At least 3,000 children have been killed or injured since Vladimir Putin invaded Ukraine in 2022. Some 3 million school-age children have experienced serious educational disruption, and more than 1 million other young people have incurred some degree of post-traumatic stress disorder, according to reports from UNICEF, the World Health Organization and other international rights and humanitarian groups.
In all the talk about proposals for peace, not enough attention is being paid to the horrors that Ukraine’s children have endured — and what more they might be asked to sacrifice.
If Moscow is allowed to retain these territories permanently, Ukraine may lose a generation of children to systematic Russification.
A case in point: If Ukraine is forced to give up territory illegally annexed or violently occupied by Russia’s army, what happens to the children of the 4 million to 6 million Ukrainians living in those areas?
Much is unknown about what is happening to children in Russian-controlled territory. But enough facts have been reported that we should be deeply concerned. While adults in occupied regions face intimidation and economic coercion, children are being targeted for something far more insidious: the aggressive erasure of their identity.
In the occupied territories of Crimea, Donetsk, Kherson, Luhansk and Zaporizhzhia, Russia has built a system designed to sever young Ukrainians from their culture, language and homeland. If Moscow is allowed to retain these territories permanently, Ukraine may lose a generation of children to systematic Russification.

It starts with the schools — those that have not been damaged or destroyed. As Human Rights Watch and others have reported, every occupied region has been forced to adopt the Russian curriculum. Ukrainian textbooks have been removed and in many cases destroyed. Instruction is in Russian. Ukrainian history — including the country’s independence and the Maidan Revolution of 2013-14 — is dismissed as fiction or rewritten as a NATO-backed conspiracy. Patriotic lessons praising the Russian state are mandatory. Weekly ceremonies, flag-raisings and classroom “conversations about important things” mirror a nationwide Russian program that aims to instill loyalty to Moscow and normalize the invasion.

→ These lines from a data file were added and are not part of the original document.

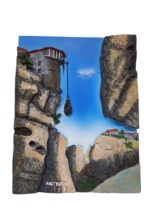 8 1/2&quot; METEORA Resin Stone Greek Orthodox Handpainted 3D Plaque 22cm - $24.93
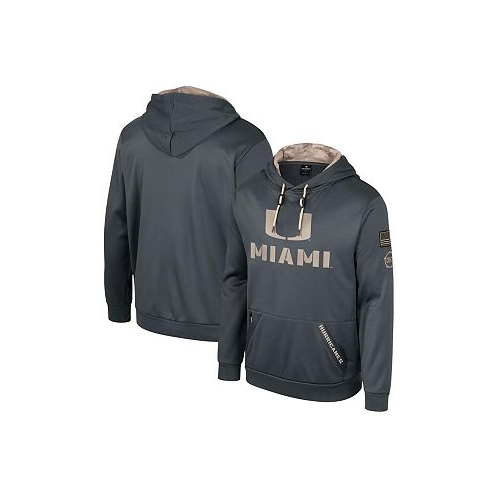 Colosseum Mens Charcoal Miami Hurricanes OHT Military-Inspired Appreciation Pullover Hoodie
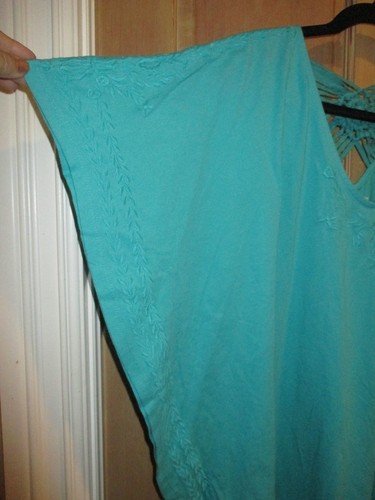 NUEVO Billabong MINI Camisa de Vestir Top Bikini Cubierta M Verde Bordado Boho - Imagen 3 de 5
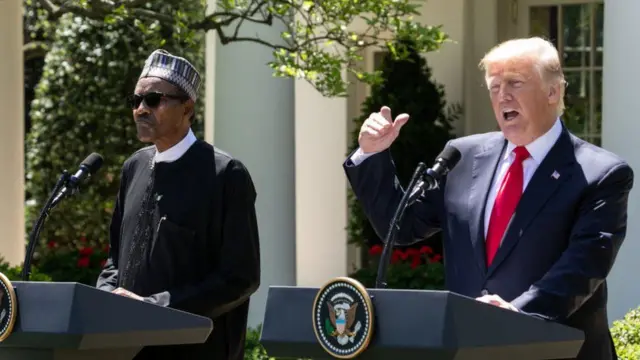 Madaxweynaha Nigeria Muhammadu Buhari iyo Madaxweyne hore ee Trump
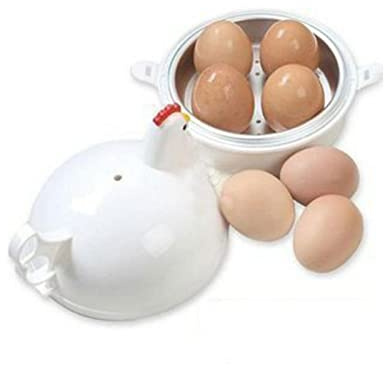 Microwave Egg Boiler, Egg Cooking Machine Chicken Shaped 4 Eggs Poacher Cooker Steamer Gadgets(White)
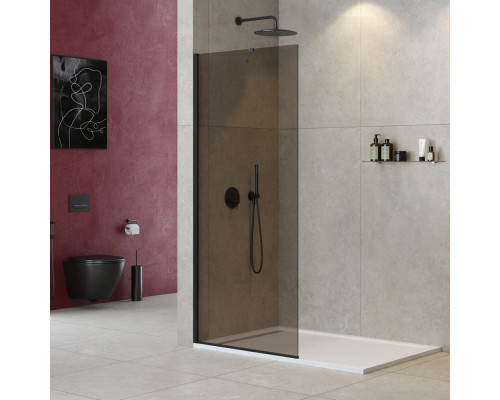 Душевая перегородка универсальная с односторонним входом CEZARES LIBERTA-L-1-TB-100-BR-NERO
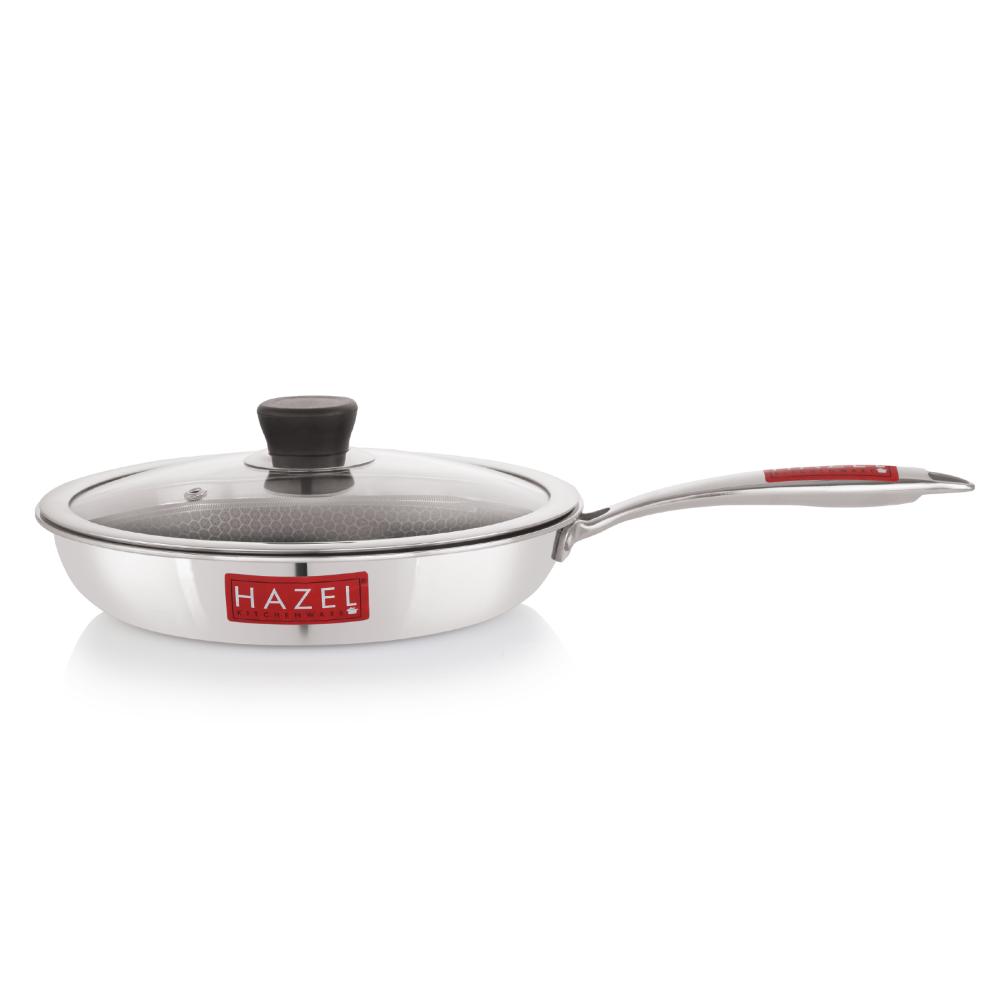 HAZEL 24cm Nonstick Triply Frying Pan (1.5L) with Glass Lid - Honeycomb Coating, Induction Compatible.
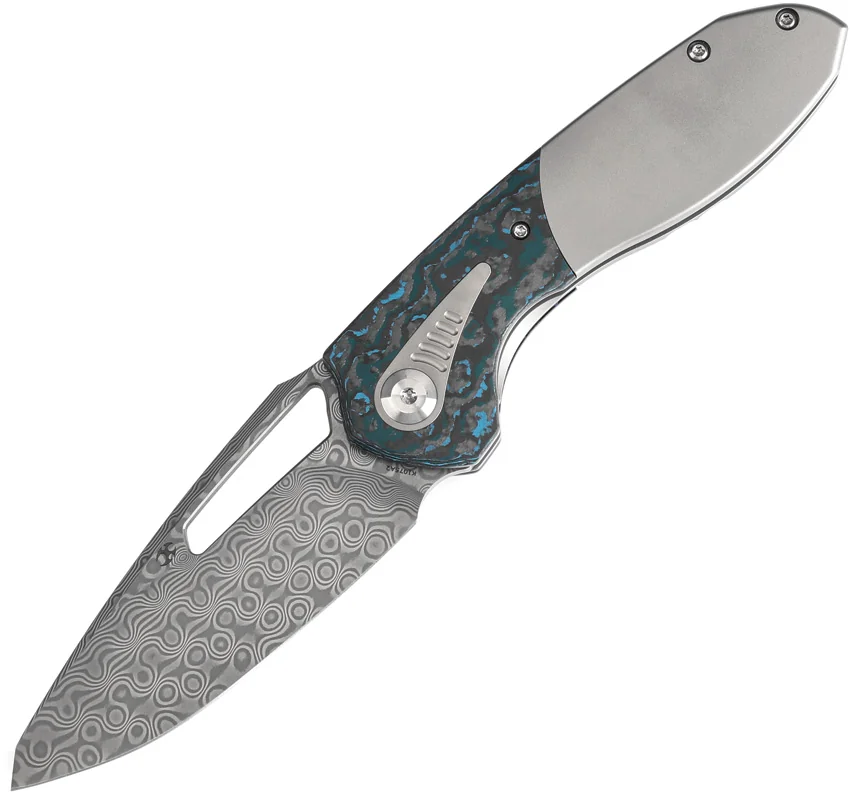 Kansept Thoth Frame Lock Knife Artic Storm Titanium (3.5" Damascus)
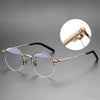 Titanium Semi-Rimless Oval Glasses Frames S-185T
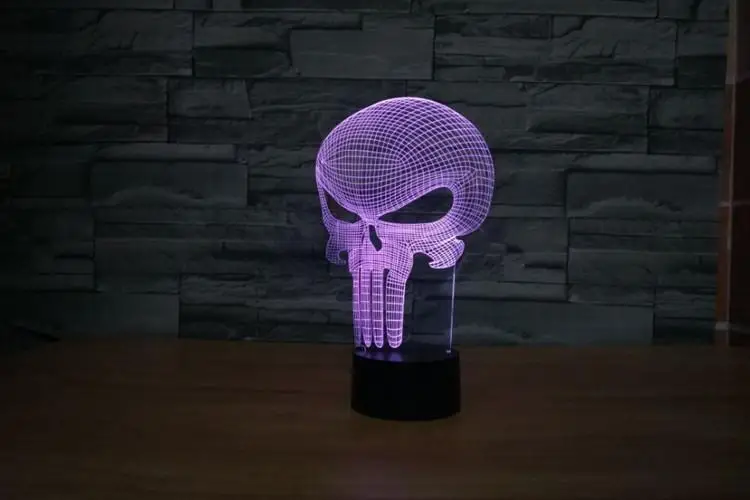 Каратель Череп 3d светодиодные лампы освещения ночные огни|Ночники| |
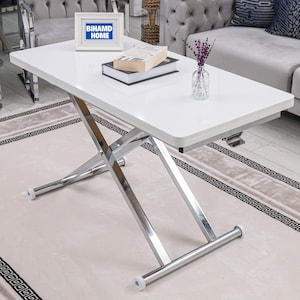 Modern Smart Coffee Table, Height Adjustable, White Color, Chrome Base, Multi-Purpose Folding Coffee Table, 48W x 24D inches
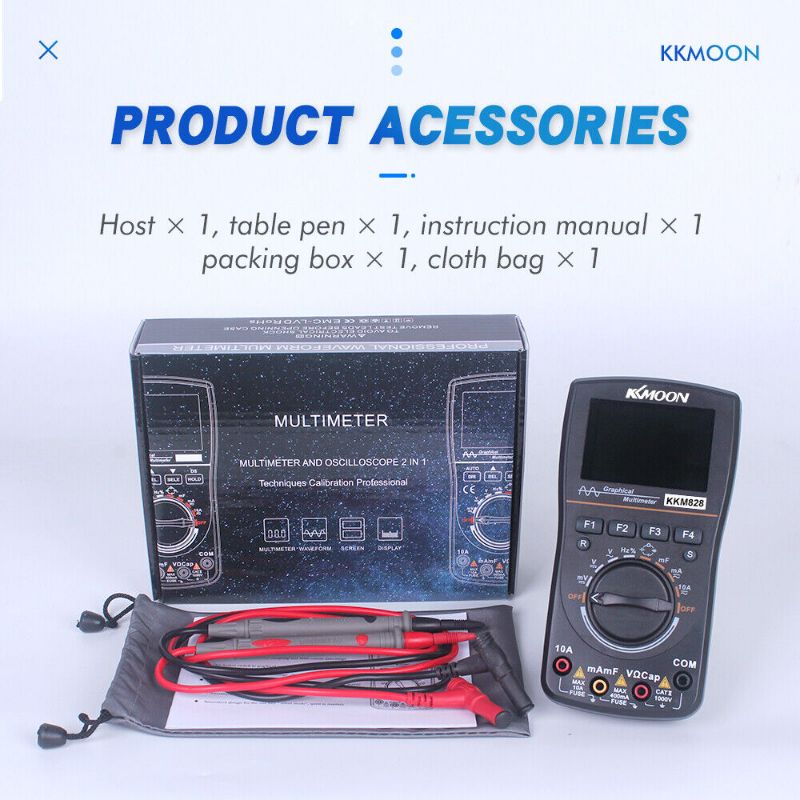 Photo 2 of KKmoon kkm828 Digital Oscilloscope Multimeter 2 in 12.4 Inches Screen 1MHz
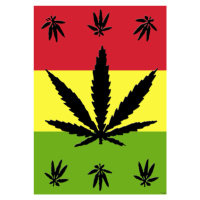 Plakát, Obraz - Marijuana Leaf - On rasta colours, (59.4 x 84 cm)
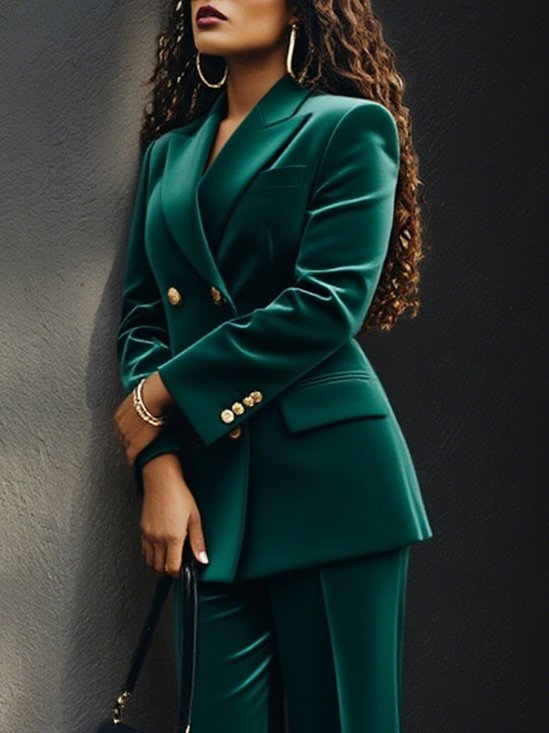 Urban Geknöpft Unifarben Reverskragen Blazer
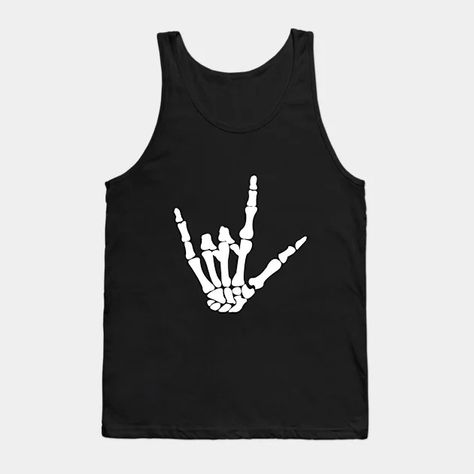 Rock 'til you Drop - Skeleton - Tank Top | TeePublic Halloween Apparel, Halloween Outfits, Skeleton, Tank Top, Tank Tops, Halloween, Sweatshirts, T Shirt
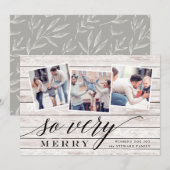 Joyeux rustique | Carte Collage photo de vacances (Devant / Derrière)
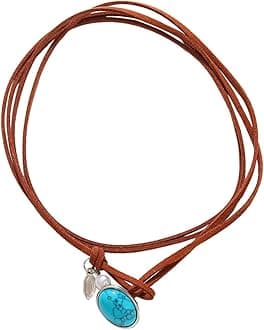 POYAMUSE Turquoise Leather Choker Necklace - Western Cowgirl Jewelry for Women, Boho Layered Leather Necklace - Vintage Suede Choker Necklace for Women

Teachers who refuse to collaborate can be fired, interrogated or replaced with educators brought in from Russia. Parents who try to keep their children enrolled in Ukrainian online schooling risk threats, fines or worse. Some families have been told their children cannot attend school unless at least one parent has a Russian passport.
To be clear, this is not the behavior of an occupying power managing a temporary military situation; it is the machinery of a state attempting to remake the identity of the children whose lives it controls.
Clinics and hospitals in occupied areas have been repurposed for military use, their supplies seized and access conditioned on the presentation of Russian documents. Many children are not receiving routine care, including lifesaving vaccines. Chronic diseases go unmana. A child with asthma or epilepsy living under occupation may find the nearest functioning clinic unavailable because of reduced capacity for civilian health care and political decisions that do not prioritize children’s health.
But the most chilling tactic is the forced relocation of Ukrainian children. The International Criminal Court has issued arrest warrants for Putin and Russia’s commissioner for children’s rights as war criminals for the unlawful deportation of Ukrainian minors into Russia.